Judge Rules Elected Official Can’t Block Citizens from Personal Facebook Page because the First Amendment

A federal court in Virginia ruled that a local politician violated the free-speech rights of a constituent she banned from her Facebookpage, in a case the judge said raises “important questions” about the constitutional restrictions that apply to social media accounts of elected officials.

The ruling by U.S. District Judge James Cacheris in Alexandria, Va., could buttress a lawsuit in New York alleging that President Donald Trump unconstitutionally suppressed dissent by blocking Twitterusers from following his account.

President Trump’s frequent use of Twitter has added urgency to First Amendment questions revolving around the use of social media by public officials.

In the Virginia case, Brian Davison sued the chairwoman of the Loudoun County Board of Supervisors, who temporarily banned him from her Facebook page after he posted criticism of local officials last year.

Judge Cacheris, finding that Phyllis Randall was ​acting as a public official on her Facebook page, said Ms.

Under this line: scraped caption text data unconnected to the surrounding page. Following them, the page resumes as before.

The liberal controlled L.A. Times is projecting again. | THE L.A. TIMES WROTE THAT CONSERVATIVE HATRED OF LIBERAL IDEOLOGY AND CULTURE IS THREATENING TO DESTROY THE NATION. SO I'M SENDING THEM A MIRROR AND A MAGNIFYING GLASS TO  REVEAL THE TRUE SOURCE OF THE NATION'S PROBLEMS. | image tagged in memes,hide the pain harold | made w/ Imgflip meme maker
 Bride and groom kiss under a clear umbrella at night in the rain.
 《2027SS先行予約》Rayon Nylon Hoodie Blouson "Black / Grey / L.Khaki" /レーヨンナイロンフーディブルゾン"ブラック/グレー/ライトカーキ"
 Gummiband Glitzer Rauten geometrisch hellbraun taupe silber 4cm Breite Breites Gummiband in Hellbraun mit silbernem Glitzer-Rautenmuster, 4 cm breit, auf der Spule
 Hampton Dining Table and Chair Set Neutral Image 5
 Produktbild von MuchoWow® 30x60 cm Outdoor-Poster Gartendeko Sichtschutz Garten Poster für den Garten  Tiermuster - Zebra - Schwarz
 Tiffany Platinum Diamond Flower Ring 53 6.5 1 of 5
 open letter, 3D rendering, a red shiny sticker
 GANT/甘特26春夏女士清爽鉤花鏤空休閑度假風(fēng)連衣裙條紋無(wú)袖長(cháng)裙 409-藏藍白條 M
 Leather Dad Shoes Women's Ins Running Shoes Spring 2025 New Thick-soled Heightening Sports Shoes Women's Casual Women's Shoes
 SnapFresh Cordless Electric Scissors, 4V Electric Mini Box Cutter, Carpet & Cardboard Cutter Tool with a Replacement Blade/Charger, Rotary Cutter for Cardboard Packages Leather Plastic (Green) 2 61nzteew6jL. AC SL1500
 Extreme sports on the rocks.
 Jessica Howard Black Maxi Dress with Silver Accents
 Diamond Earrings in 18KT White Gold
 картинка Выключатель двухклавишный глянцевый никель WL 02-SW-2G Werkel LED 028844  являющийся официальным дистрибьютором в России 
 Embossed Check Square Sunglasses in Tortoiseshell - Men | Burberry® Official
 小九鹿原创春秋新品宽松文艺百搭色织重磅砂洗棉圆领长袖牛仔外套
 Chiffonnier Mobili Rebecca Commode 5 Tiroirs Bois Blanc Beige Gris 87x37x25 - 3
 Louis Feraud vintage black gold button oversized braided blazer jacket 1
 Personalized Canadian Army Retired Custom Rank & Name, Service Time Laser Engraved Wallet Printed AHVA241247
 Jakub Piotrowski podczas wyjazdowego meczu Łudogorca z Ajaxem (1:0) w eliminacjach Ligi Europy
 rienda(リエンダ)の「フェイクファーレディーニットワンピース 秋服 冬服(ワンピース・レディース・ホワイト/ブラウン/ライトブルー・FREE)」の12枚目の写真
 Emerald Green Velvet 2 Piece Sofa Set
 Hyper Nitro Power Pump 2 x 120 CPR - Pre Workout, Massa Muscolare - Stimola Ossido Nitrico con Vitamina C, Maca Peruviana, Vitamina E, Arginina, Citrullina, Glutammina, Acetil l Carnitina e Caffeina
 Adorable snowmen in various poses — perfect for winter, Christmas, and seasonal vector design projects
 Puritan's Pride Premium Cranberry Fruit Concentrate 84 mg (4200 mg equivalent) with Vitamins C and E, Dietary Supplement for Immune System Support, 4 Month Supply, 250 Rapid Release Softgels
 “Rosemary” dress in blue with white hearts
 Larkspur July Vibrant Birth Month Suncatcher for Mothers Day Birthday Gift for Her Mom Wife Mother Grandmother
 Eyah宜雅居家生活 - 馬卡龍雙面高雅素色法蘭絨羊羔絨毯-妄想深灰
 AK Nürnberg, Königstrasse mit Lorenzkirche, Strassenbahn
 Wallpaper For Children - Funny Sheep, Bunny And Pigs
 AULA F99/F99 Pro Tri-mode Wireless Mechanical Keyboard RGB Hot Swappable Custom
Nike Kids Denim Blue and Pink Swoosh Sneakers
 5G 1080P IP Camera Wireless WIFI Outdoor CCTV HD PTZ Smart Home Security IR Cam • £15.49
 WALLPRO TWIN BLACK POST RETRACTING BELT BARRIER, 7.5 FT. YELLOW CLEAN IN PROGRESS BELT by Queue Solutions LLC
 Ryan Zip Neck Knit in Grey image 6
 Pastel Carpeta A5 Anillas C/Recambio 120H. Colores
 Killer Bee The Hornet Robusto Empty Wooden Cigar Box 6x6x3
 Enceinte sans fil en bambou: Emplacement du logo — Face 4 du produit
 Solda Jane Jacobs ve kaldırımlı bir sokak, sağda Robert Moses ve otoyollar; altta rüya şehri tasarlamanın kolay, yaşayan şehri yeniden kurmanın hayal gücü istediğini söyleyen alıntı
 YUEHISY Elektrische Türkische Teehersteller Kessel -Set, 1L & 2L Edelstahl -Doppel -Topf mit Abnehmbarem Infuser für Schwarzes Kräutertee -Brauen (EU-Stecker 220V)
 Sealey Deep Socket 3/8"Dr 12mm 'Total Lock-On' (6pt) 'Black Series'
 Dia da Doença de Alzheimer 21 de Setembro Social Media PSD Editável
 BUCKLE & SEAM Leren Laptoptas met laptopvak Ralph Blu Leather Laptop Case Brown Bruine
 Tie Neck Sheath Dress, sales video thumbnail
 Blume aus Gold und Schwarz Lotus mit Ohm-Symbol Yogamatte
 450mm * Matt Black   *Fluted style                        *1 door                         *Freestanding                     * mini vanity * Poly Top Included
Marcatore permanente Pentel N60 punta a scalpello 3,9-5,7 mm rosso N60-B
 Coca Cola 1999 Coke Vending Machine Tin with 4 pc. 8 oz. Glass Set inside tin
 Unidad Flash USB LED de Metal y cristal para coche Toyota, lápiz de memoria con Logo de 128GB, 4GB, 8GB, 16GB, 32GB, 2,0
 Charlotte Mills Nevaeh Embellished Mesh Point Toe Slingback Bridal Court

Randall committed “a cardinal sin under the First Amendment.”

“The suppression of critical commentary regarding elected officials is the quintessential form of viewpoint discrimination against which the First Amendment guards,” Judge Cacheris wrote in his 44-page ruling on Tuesday.

Ms. Randall, who lifted the ban against Mr. Davison after 12 hours, faces no penalty. Judge Cacheris said the consequences of her actions were “fairly minor.”

Julia Judkins, a Fairfax, Va., lawyer who represents Ms. Randall, said Judge Cacheris erred in equating Ms. Randall’s personal Facebook page to a government account.

“How does this one person’s Facebook page that she’s not using county resources to maintain…how does that become like the government?” Ms. Judkins said.

Judge Cacheris noted that Ms. Randall used her Facebook page to solicit comments from her constituents.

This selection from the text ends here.